___ GIVEN RECORDS ___

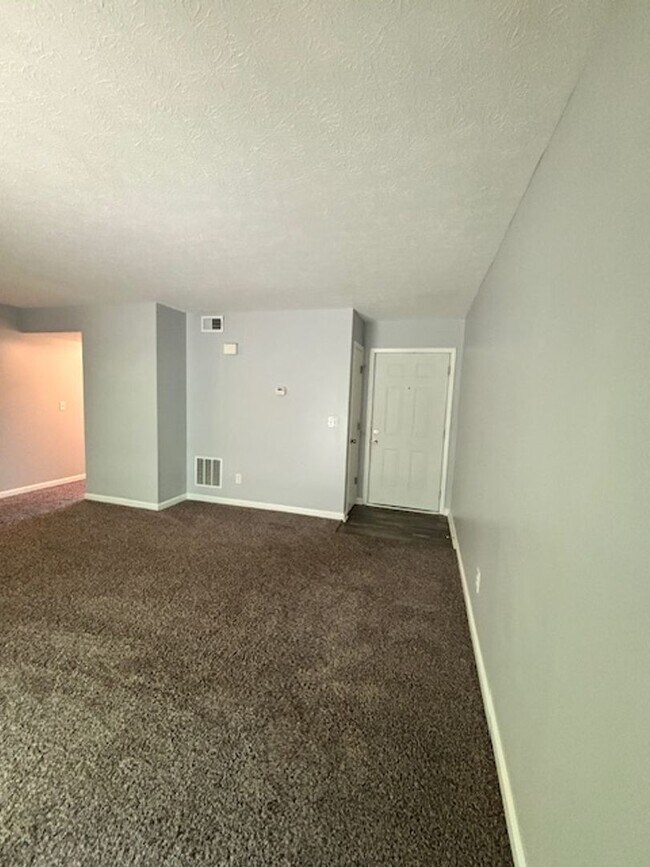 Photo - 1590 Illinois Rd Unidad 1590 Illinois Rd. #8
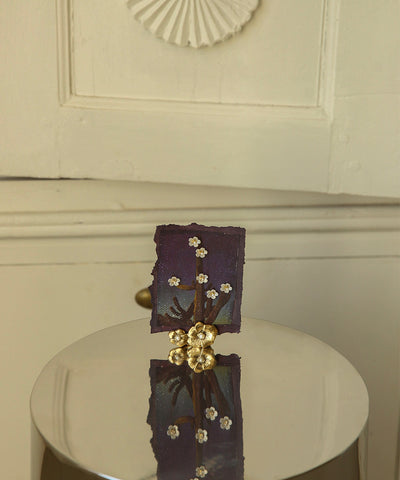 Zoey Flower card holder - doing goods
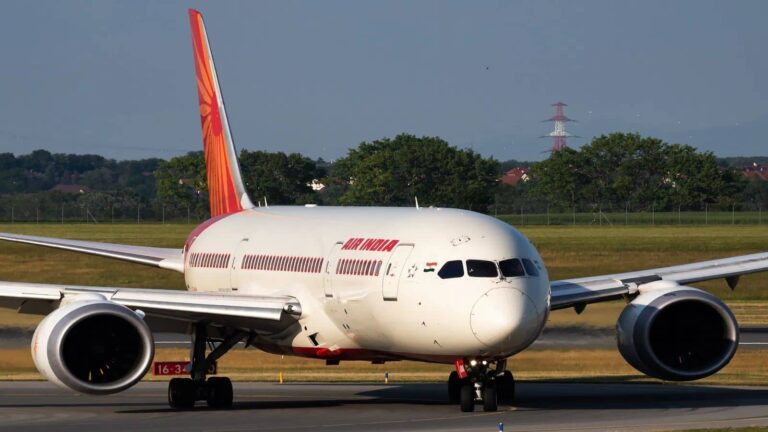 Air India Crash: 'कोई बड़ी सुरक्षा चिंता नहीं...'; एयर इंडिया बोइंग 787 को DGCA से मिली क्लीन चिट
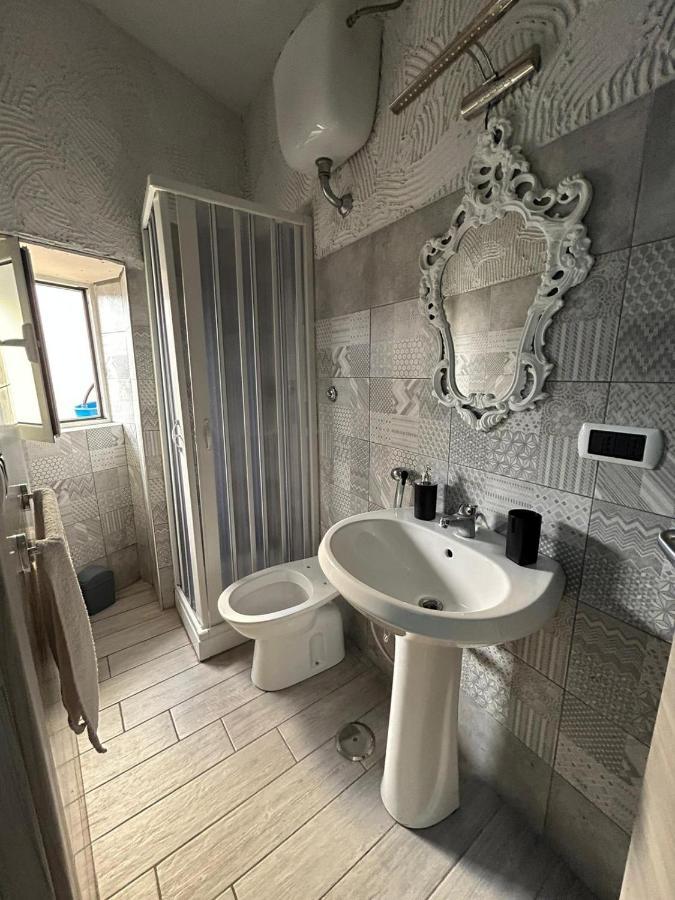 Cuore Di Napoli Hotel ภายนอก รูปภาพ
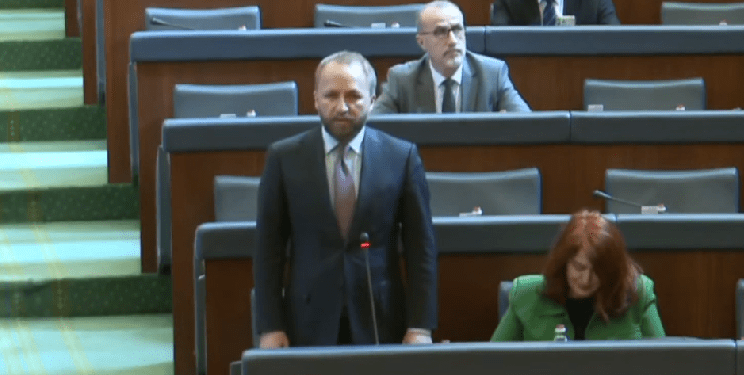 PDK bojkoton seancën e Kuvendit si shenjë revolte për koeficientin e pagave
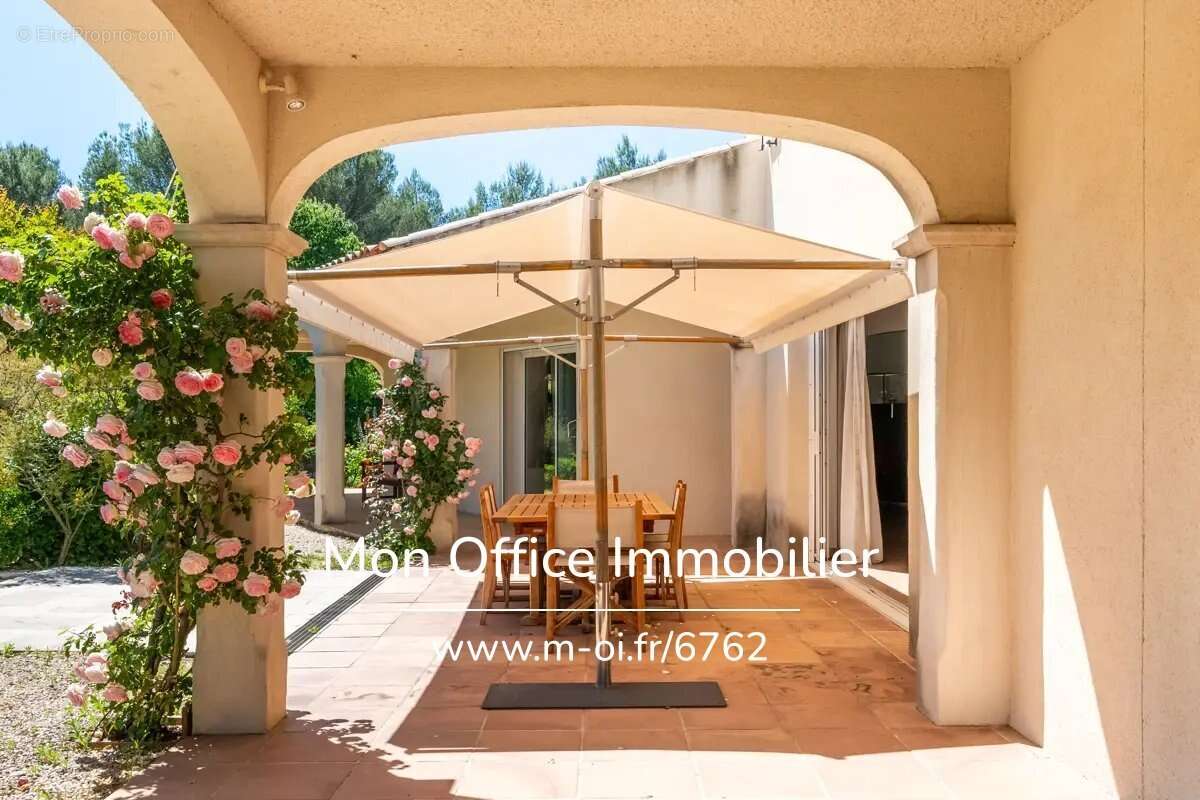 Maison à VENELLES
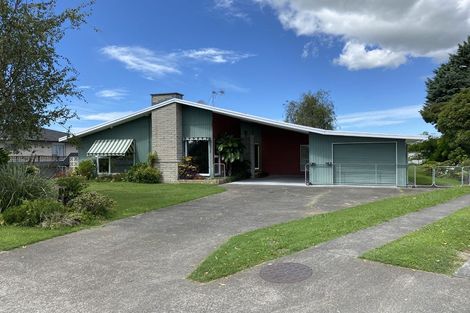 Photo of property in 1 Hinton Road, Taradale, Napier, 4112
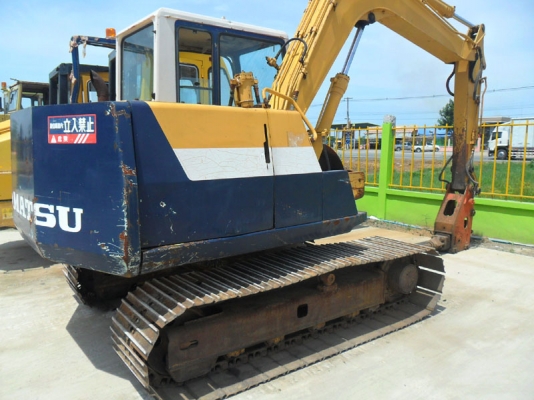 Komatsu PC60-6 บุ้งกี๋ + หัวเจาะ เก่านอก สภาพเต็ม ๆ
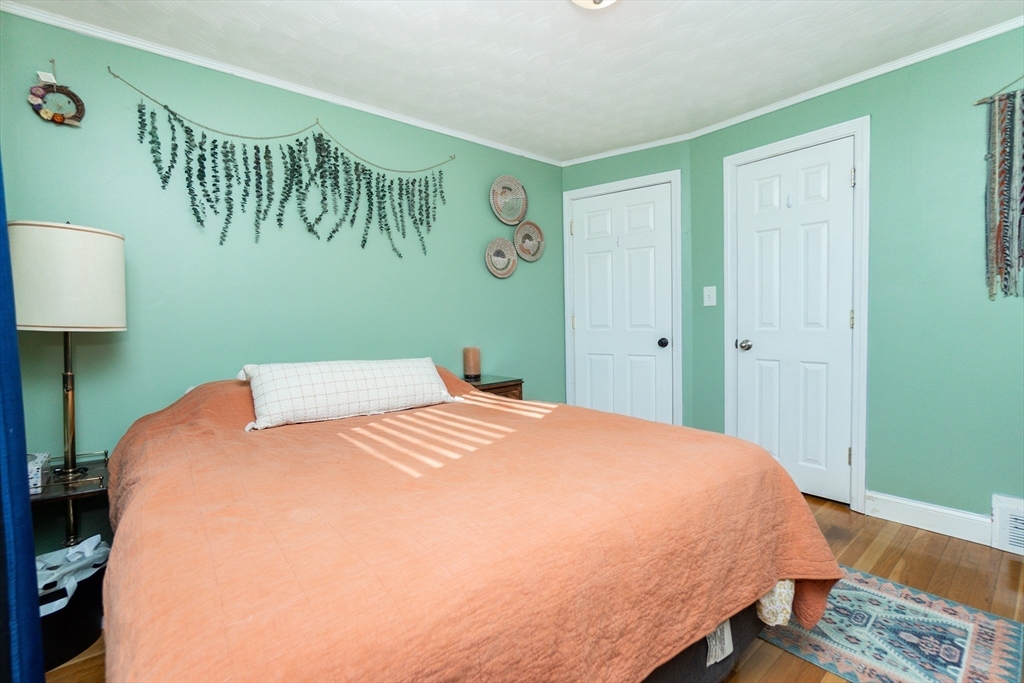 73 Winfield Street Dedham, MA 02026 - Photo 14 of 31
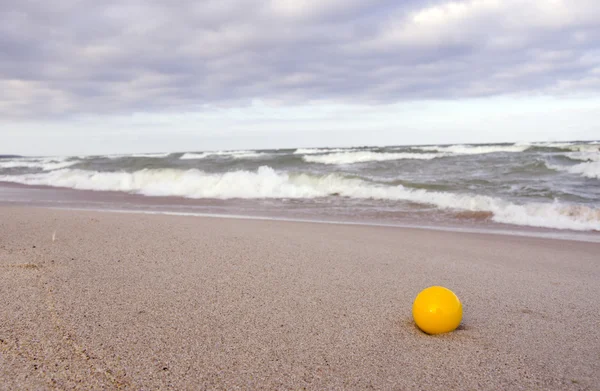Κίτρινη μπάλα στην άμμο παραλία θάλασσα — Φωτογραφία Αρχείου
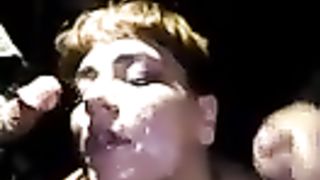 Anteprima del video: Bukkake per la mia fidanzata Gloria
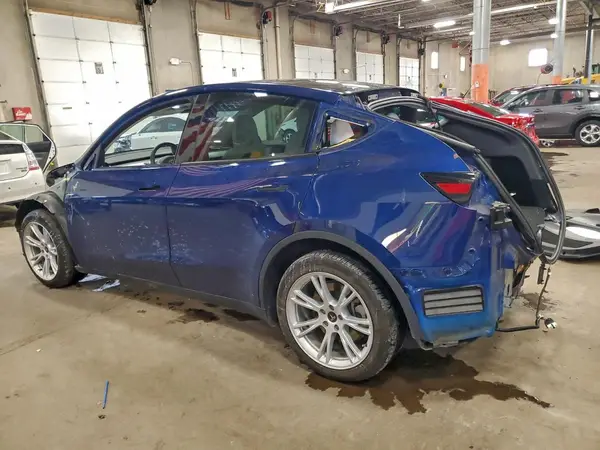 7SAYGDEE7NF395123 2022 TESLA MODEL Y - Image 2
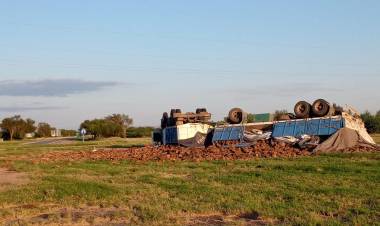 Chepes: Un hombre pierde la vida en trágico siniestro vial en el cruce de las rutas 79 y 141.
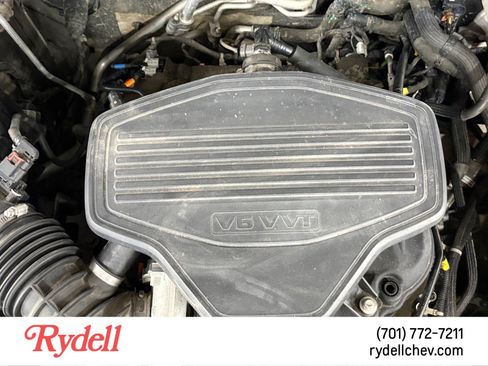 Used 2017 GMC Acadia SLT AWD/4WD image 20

___

• **AIM OF THE EXERCISE**
Please output every line of the listing as it stands, and omit its images.

• **RESPONSE**
 Photo - 1590 Illinois Rd Unidad 1590 Illinois Rd. #8
 Zoey Flower card holder - doing goods
 Air India Crash: 'कोई बड़ी सुरक्षा चिंता नहीं...'; एयर इंडिया बोइंग 787 को DGCA से मिली क्लीन चिट
 Cuore Di Napoli Hotel ภายนอก รูปภาพ
 PDK bojkoton seancën e Kuvendit si shenjë revolte për koeficientin e pagave
 Maison à VENELLES
 Photo of property in 1 Hinton Road, Taradale, Napier, 4112
 Komatsu PC60-6 บุ้งกี๋ + หัวเจาะ เก่านอก สภาพเต็ม ๆ
 73 Winfield Street Dedham, MA 02026 - Photo 14 of 31
Κίτρινη μπάλα στην άμμο παραλία θάλασσα — Φωτογραφία Αρχείου
 Anteprima del video: Bukkake per la mia fidanzata Gloria
 7SAYGDEE7NF395123 2022 TESLA MODEL Y - Image 2
 Chepes: Un hombre pierde la vida en trágico siniestro vial en el cruce de las rutas 79 y 141.
 Used 2017 GMC Acadia SLT AWD/4WD image 20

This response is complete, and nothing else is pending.